Your task: Every entry should be reproduced precisely, with each picture left out.

Short text fragments from websites:
====

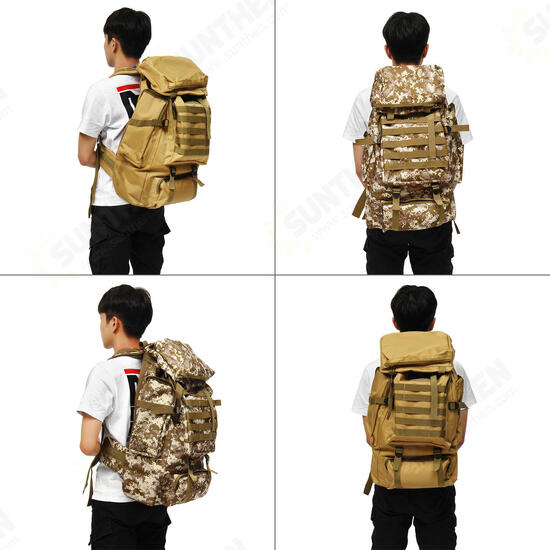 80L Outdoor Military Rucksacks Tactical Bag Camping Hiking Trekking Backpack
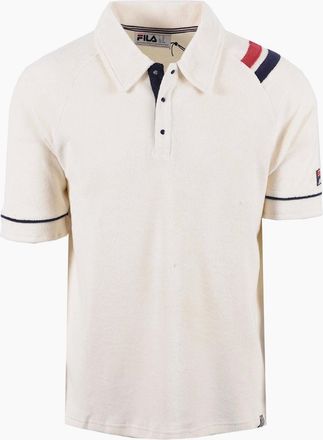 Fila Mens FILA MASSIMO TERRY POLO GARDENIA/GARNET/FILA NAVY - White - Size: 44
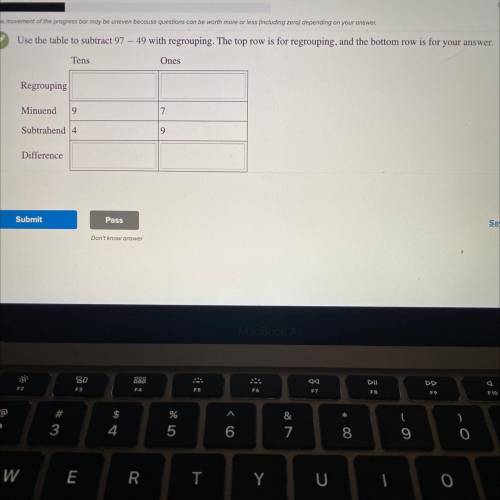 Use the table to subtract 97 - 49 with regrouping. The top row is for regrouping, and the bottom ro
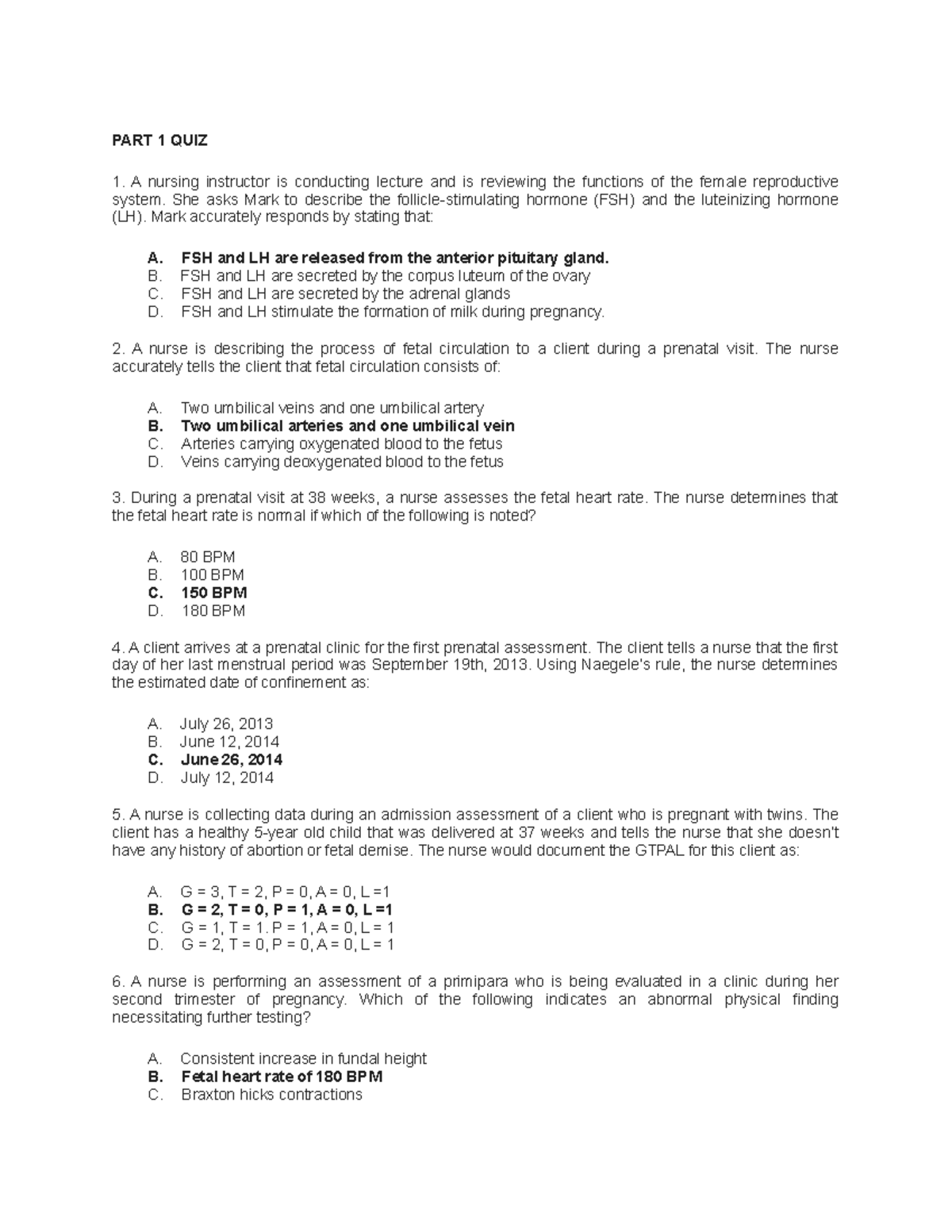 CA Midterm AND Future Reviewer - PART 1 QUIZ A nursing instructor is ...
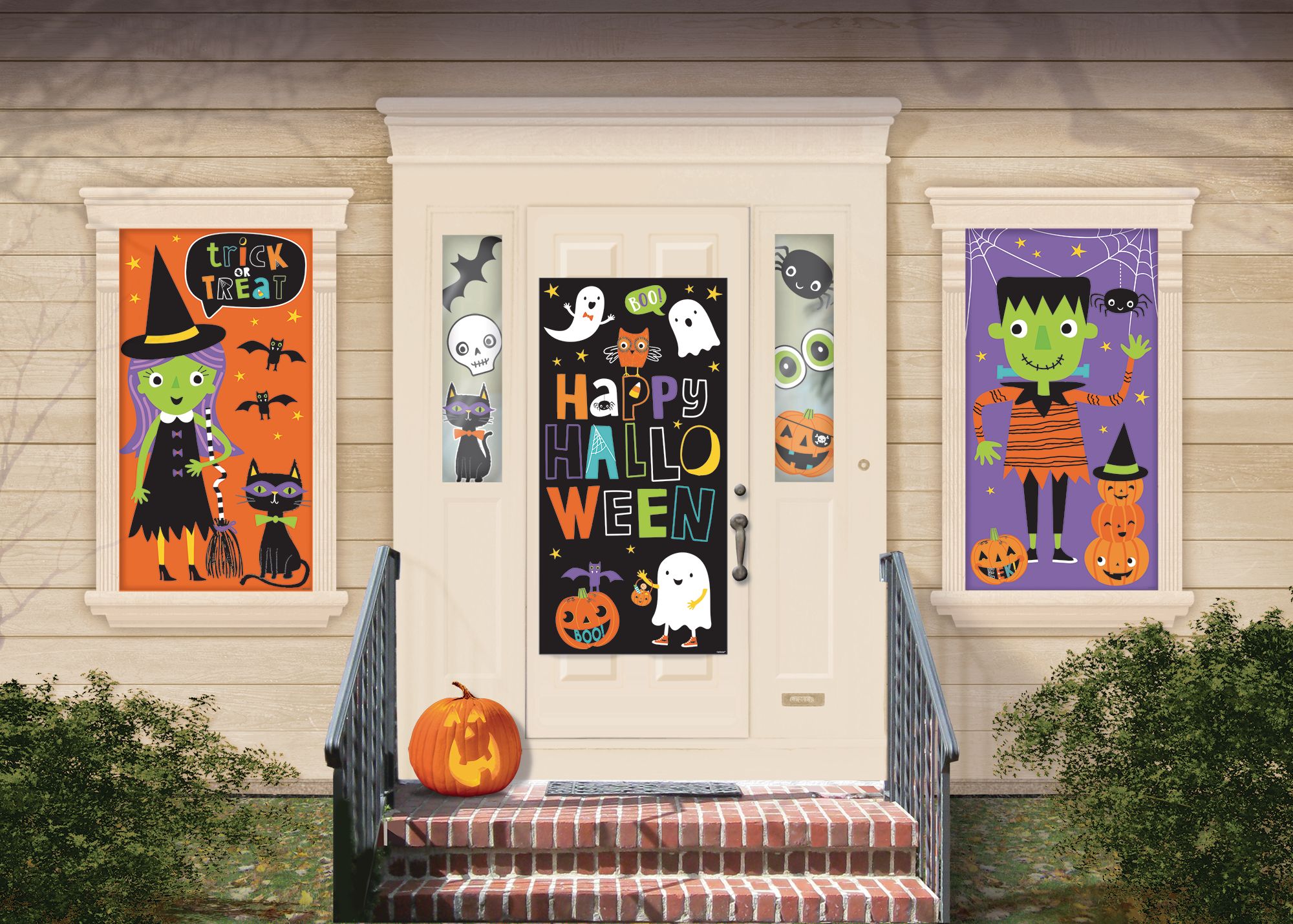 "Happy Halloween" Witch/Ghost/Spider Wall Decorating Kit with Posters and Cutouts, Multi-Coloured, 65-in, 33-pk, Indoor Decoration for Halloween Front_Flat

====

Response box:
 80L Outdoor Military Rucksacks Tactical Bag Camping Hiking Trekking Backpack
 Fila Mens FILA MASSIMO TERRY POLO GARDENIA/GARNET/FILA NAVY - White - Size: 44
 Use the table to subtract 97 - 49 with regrouping. The top row is for regrouping, and the bottom ro
 CA Midterm AND Future Reviewer - PART 1 QUIZ A nursing instructor is ...
 "Happy Halloween" Witch/Ghost/Spider Wall Decorating Kit with Posters and Cutouts, Multi-Coloured, 65-in, 33-pk, Indoor Decoration for Halloween Front_Flat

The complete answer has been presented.